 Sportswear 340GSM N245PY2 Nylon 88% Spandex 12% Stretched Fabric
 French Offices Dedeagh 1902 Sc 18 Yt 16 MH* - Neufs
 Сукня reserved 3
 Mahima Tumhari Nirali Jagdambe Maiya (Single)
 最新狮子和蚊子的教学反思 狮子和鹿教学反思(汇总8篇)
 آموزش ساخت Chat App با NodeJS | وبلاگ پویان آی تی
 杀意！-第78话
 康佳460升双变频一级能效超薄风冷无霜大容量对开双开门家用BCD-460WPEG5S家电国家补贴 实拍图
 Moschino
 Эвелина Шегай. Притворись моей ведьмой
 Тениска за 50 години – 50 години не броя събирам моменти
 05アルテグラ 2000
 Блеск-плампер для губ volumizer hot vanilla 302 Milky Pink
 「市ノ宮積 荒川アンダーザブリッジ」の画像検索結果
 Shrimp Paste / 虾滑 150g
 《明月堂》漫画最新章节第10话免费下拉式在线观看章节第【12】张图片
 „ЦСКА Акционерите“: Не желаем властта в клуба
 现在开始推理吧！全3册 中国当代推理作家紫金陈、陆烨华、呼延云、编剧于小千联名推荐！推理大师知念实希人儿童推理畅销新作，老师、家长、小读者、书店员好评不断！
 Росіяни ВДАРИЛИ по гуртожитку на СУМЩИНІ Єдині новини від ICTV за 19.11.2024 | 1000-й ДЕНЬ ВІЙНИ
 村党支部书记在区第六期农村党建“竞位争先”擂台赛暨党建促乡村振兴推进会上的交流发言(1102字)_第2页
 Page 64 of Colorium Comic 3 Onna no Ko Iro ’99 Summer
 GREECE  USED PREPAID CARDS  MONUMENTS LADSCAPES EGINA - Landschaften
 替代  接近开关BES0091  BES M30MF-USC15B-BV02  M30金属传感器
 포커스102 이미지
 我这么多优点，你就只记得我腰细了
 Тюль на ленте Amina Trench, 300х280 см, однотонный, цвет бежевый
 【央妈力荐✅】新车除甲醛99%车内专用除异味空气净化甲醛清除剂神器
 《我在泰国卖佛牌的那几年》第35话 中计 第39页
+++++
▶ **REQUIRED ACTION**:
Please give back only the lines starting with the one that contains "05アルテグラ 2000" and ending with the last line of the listing, retyped exactly.

▶ **EXERCISE ANSWER**:
 05アルテグラ 2000
 Блеск-плампер для губ volumizer hot vanilla 302 Milky Pink
 「市ノ宮積 荒川アンダーザブリッジ」の画像検索結果
 Shrimp Paste / 虾滑 150g
 《明月堂》漫画最新章节第10话免费下拉式在线观看章节第【12】张图片
 „ЦСКА Акционерите“: Не желаем властта в клуба
 现在开始推理吧！全3册 中国当代推理作家紫金陈、陆烨华、呼延云、编剧于小千联名推荐！推理大师知念实希人儿童推理畅销新作，老师、家长、小读者、书店员好评不断！
 Росіяни ВДАРИЛИ по гуртожитку на СУМЩИНІ Єдині новини від ICTV за 19.11.2024 | 1000-й ДЕНЬ ВІЙНИ
 村党支部书记在区第六期农村党建“竞位争先”擂台赛暨党建促乡村振兴推进会上的交流发言(1102字)_第2页
 Page 64 of Colorium Comic 3 Onna no Ko Iro ’99 Summer
 GREECE  USED PREPAID CARDS  MONUMENTS LADSCAPES EGINA - Landschaften
 替代  接近开关BES0091  BES M30MF-USC15B-BV02  M30金属传感器
 포커스102 이미지
 我这么多优点，你就只记得我腰细了
 Тюль на ленте Amina Trench, 300х280 см, однотонный, цвет бежевый
 【央妈力荐✅】新车除甲醛99%车内专用除异味空气净化甲醛清除剂神器
 《我在泰国卖佛牌的那几年》第35话 中计 第39页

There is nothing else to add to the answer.